Reinvesting in Main Street: How downtown Bluffton is coming back to life
By Lauren Caggiano | Input Fort Wayne
Across the country, Main Streets were once the hub of activity in small cities and towns. Community members in Bluffton are committed to make that the norm again.
With a track record of successful downtown revitalization efforts, a community organization Bluffton NOW! is leading the charge.
Located in Wells County, Bluffton has a population of about 10,000 people. The Parlor City, as it's known, has been through difficult financial times. As President of Bluffton NOW!, Michael W. Lautzenheiser, Jr., speaks candidly about the city's struggles.
“Downtown changed from kind of peeking out in the 1980s and being okay in the 1990s, and then it really started to go downhill in the 2000’s,” Lautzenheiser says. “Unfortunately, we lost two buildings and had another building severely damaged by fires.”
Put simply, the situation went from bad from worse. A few buildings didn’t have a working HVAC unit. According to Lautzenheiser, that was the “last straw.”
Even so, the decline of the downtown proved to be a catalyst for renewed interest in its revitalization and development. For example, the city created its first building inspection department to address safety and maintenance issues before they become disastrous. Then came a concerted effort to revitalize and restore downtown Bluffton to its once-vibrant past.
Bluffton NOW! was formed as a result of this effort in 2014.
“From then on, we've been tasked with trying to make sure that we're resolving those issues, and we've got a couple of programs that help us accomplish those tasks,” Lautzenheiser says.
The first order of business was partnering with the city of Bluffton. By way of that relationship, he says they were able to introduce a community revitalization grant program.
“We can match dollar-for-dollar up to $25,000 for people who want to make improvements to the interior or exterior of their buildings, with the direct goal of helping people with the costs involved with maintaining and getting things up to code."
It took some time, but Bluffton has seen some success stories come out of the grant program. If you ask Lautzenheiser, those wins are psychological as much as they are economic.
“It's been really neat to see people starting to invest in their properties, and in turn, they have seen more foot traffic and business. We've added several businesses back into the downtown mix.”
The latter is no small feat. A 2017 article from The Brookings Institution explains that along with revitalizing communities, a thriving Main Street can foster entrepreneurship in cities by supporting existing and would-be business owners.
“Local revitalization efforts clear the path for entrepreneurs, connecting them with financing, space, training, and other resources,” the article says.
It cites Emporia, KS, as one such example of this work in action. With a population of about 25,000 residents, the town celebrates the launch or expansion of its 70th small business in the last 15 years as a result of its efforts.
As for Bluffton, Lautzenheiser says that positive momentum underscores another priority the organization has identified: Getting people to come to downtown with activities and attractions.

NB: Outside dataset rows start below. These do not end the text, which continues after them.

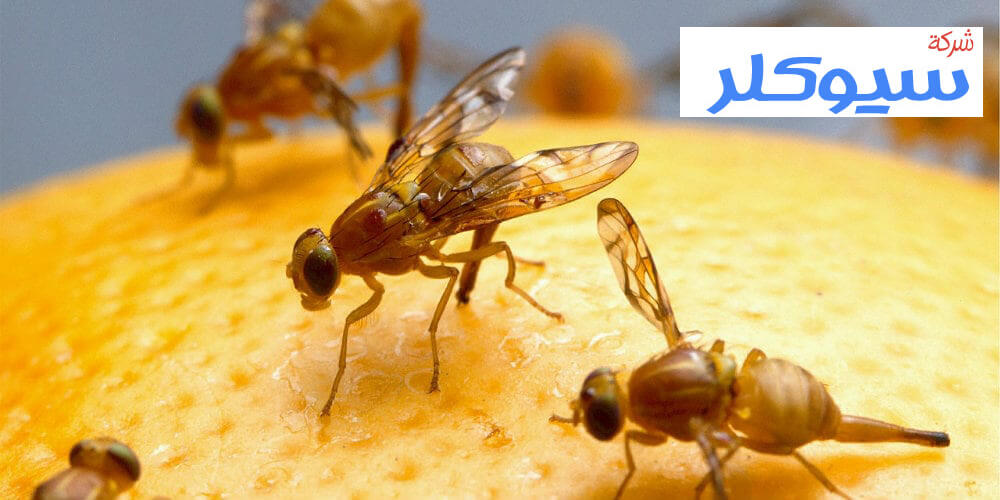 شركة مكافحة حشرات بمكة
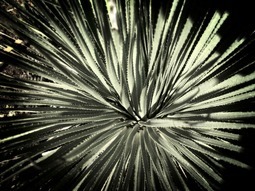 Uber Exif Photo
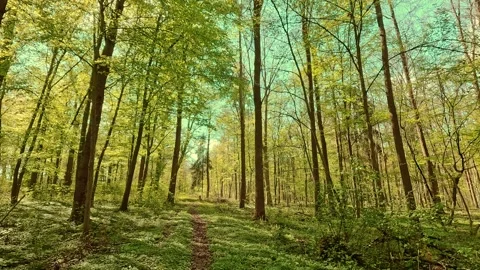 Springtime mood in the forest, walking on forest paths Video stock 334592105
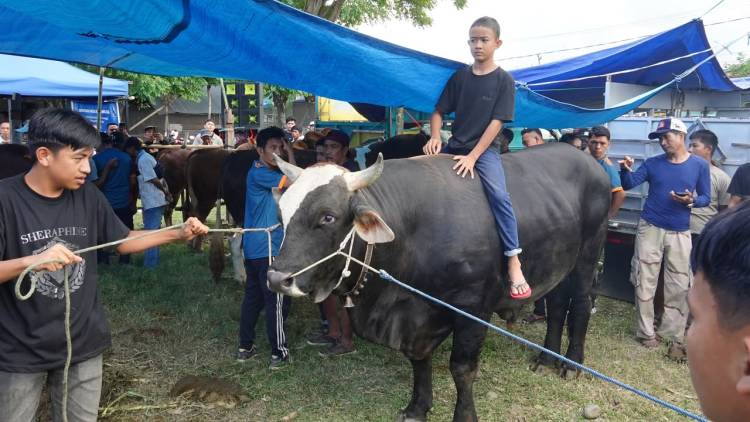 Brutus Juara Kontes Sapi Hasil IB, Bupati Andi Utta: Tahun Depan Kita Bikin Skala Lebih Besar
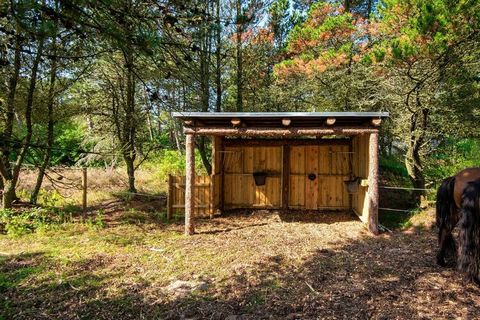 Ferienhaus mit Whirlpool und Sauna sowie attraktiver Lage in einem ruhigen Ferienhausgebiet auf der Insel Rømø, die für ihre besonders breiten Sandstrände und das Wattenmeer mit seiner reichen Vogelwelt bekannt ist. Das Ferienhaus steht als letztes, ...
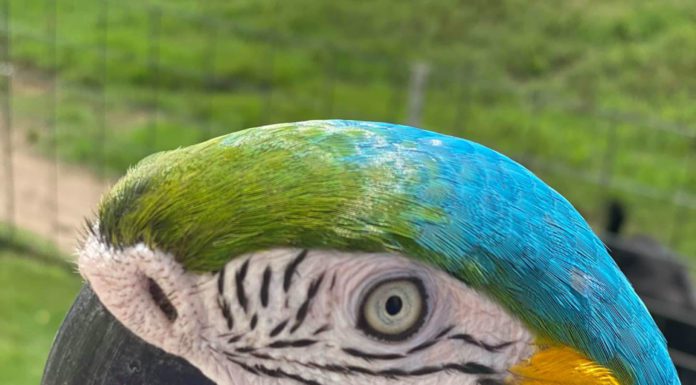 The Wilderness Within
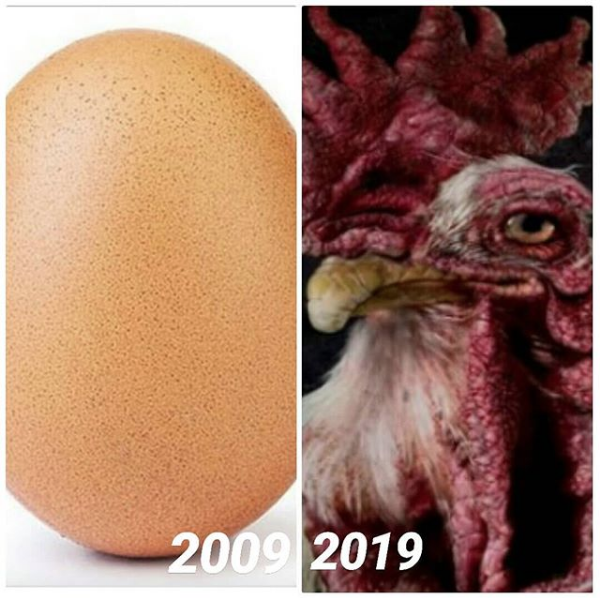 Mejores memes 10 year challenge
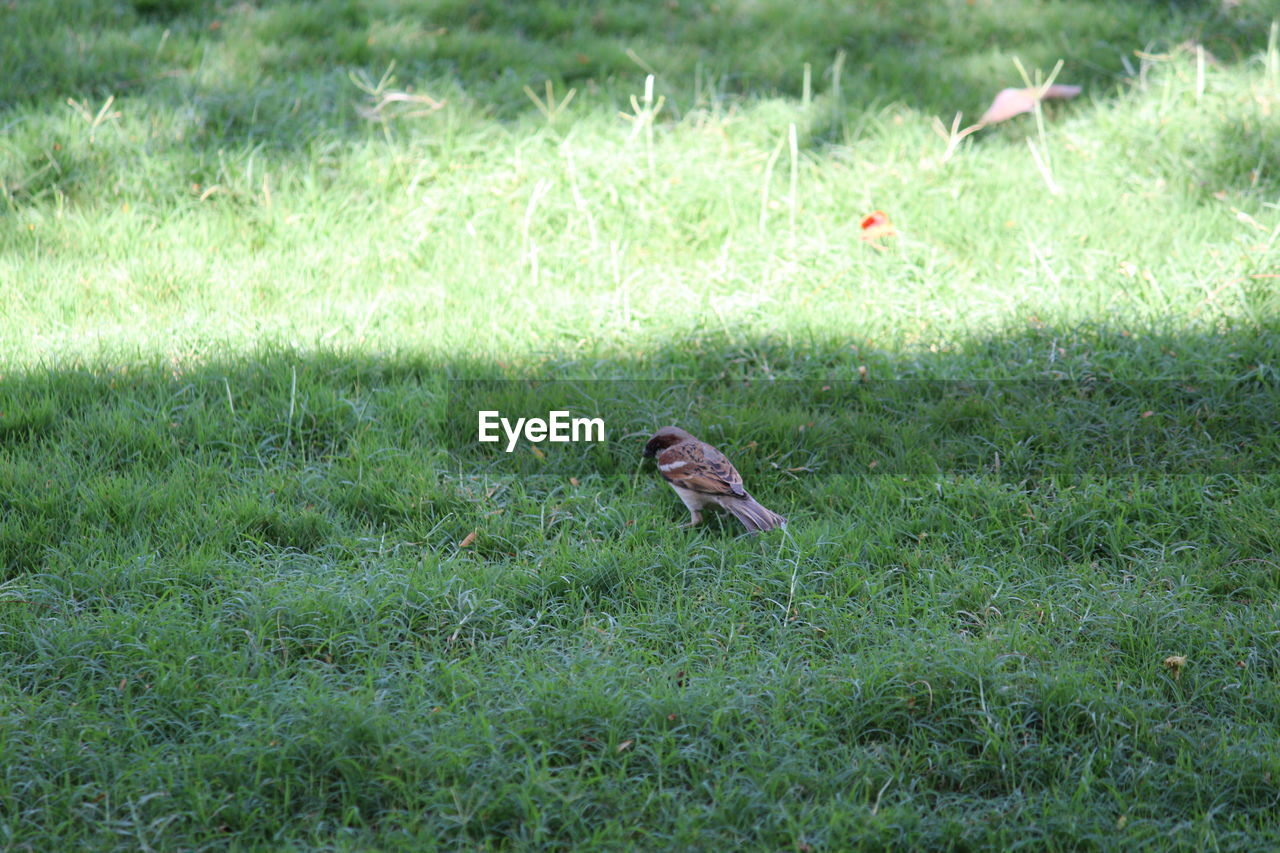 BIRD PERCHING ON GRASSY FIELD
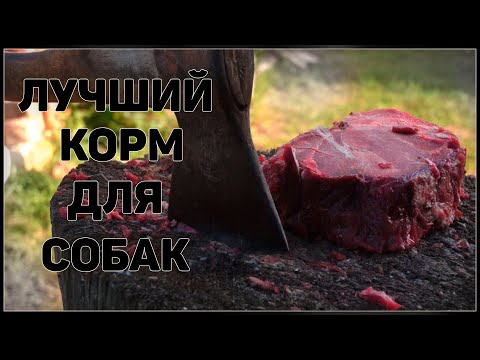 Видео: ЛУЧШИЙ корм для собак! Кормление гончих собак сырым мясом. Щенки русской пегой гончей.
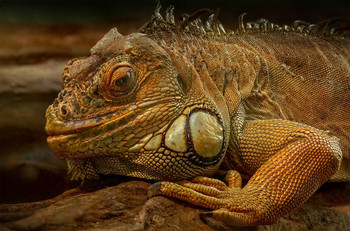 Iguana iguana / Iguana iguana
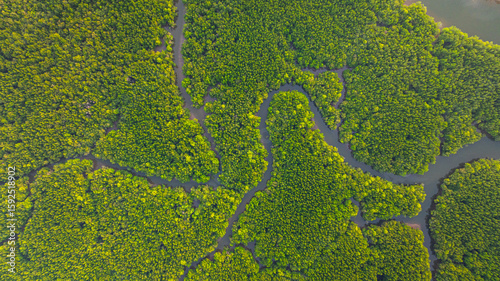 Aerial view of mangrove forest and delta river with meandering canals cutting through. Mangrove canals are waterways from fishing villages to the sea in Phang Nga. Nature designed the mangrove art.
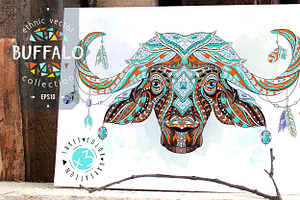 Ethnic Collection: Buffalo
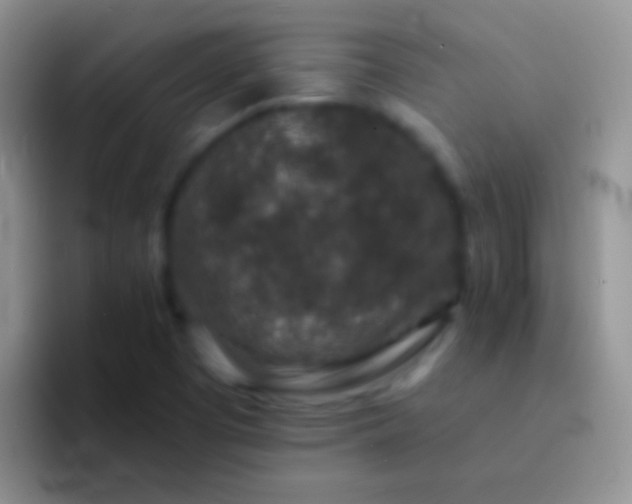 X0000092081457200709262055
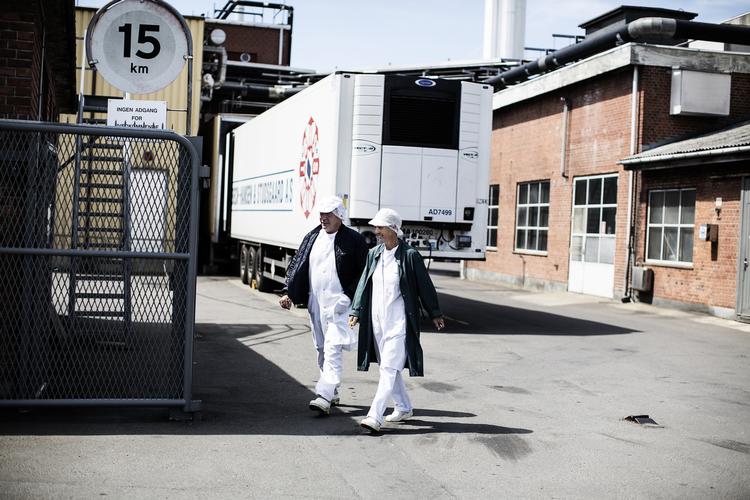 stor. Slagteriet i Rønne er en stor lokal arbejdsplads med 190 ansatte, men i Danish Crown-regi er det en lille afdeling, som 'kun' slagter 8.500 svin om ugen. 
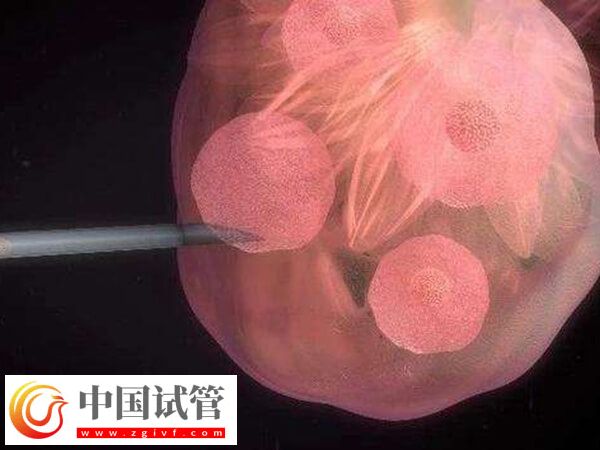 胚胎8细胞和7细胞哪个好(图2)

“We came up with the idea of expanding our courthouse plaza area and making an open space gathering area for all sorts of planned and unplanned events to occur," he says. “That's been really our big focus over the last couple years.”
The Bluffton group is still in the midst of fundraising, but Lautzenheiser is bullish about the future of the project, feeling the support from community members about the revitalization's progress so far.
"At first, there was there was definitely concern, not knowing where things were going to go,” he says. “Then people are starting the see things happen, and it's been a very, very positive effect. We're getting new downtown champions all the time. People are saying how much they appreciate having it come back to life.”